Hydrostatic Pressure: Formulas, Devices, and Manometer Methods

Hydrostatic pressure at any point in a liquid column equals the product of the liquid’s unit weight (γ) and the vertical distance (head, h) from the free surface:

[ P = \gamma \times h ]

The unit weight of water is 9.81 kN/m³, and the same relationship holds for any fluid when its specific gravity (SG) is accounted for.

Measurement Devices

Non‑Borden tube gauge – the common industrial pressure gauge that reads pressure directly from the fluid column.

Piezometer – a vertical tube attached to a container or pipe; the internal pressure forces the liquid inside the tube to rise, and the height increase directly indicates pressure.

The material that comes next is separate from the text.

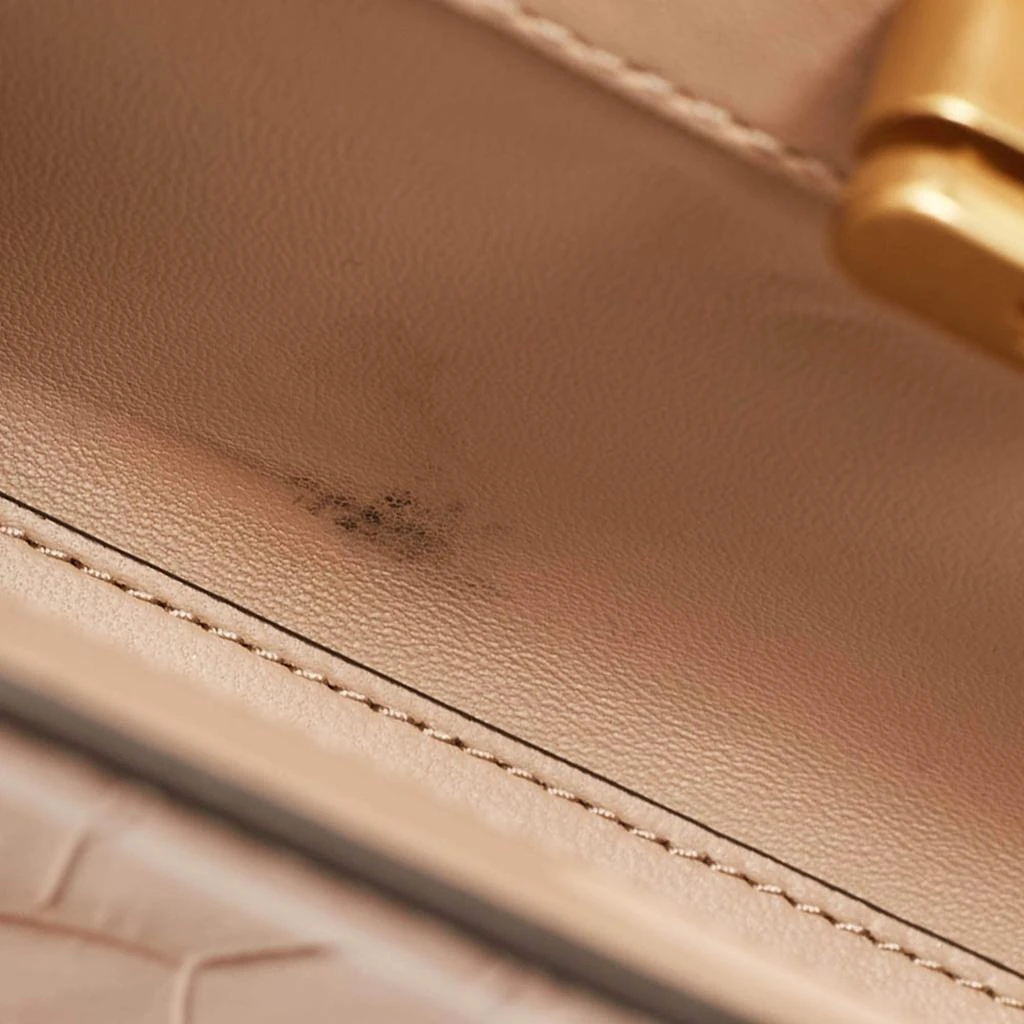 Tory Burch Tory Burch Beige Croc Embossed Leather Petite Lee Radziwill Top Handle Bag 10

U‑tube manometer – a U‑shaped tube filled with a liquid (often mercury). Pressure differences create a differential head, or “head loss,” between the two arms, allowing the pressure to be calculated from the height difference.

“Two points have the same pressure when they are on the same level or on the same elevation.”

Manometer Calculation Methodology

1. Convert all liquid heads to equivalent water heads. Use the specific‑gravity ratio:

[ h_{\text{water}} = h_{\text{fluid}} \times \frac{SG_{\text{fluid}}}{1} ]

For mercury (SG = 13.6), benzene (SG = 0.80), and kerosene (SG = 0.82), the conversion scales each head to a water‑equivalent value.

1. Identify fluid interfaces as primary calculation points. Begin at one end of the system and move through each interface.

2. Apply the equal‑pressure principle: points at the same elevation within the same continuous fluid have equal pressure.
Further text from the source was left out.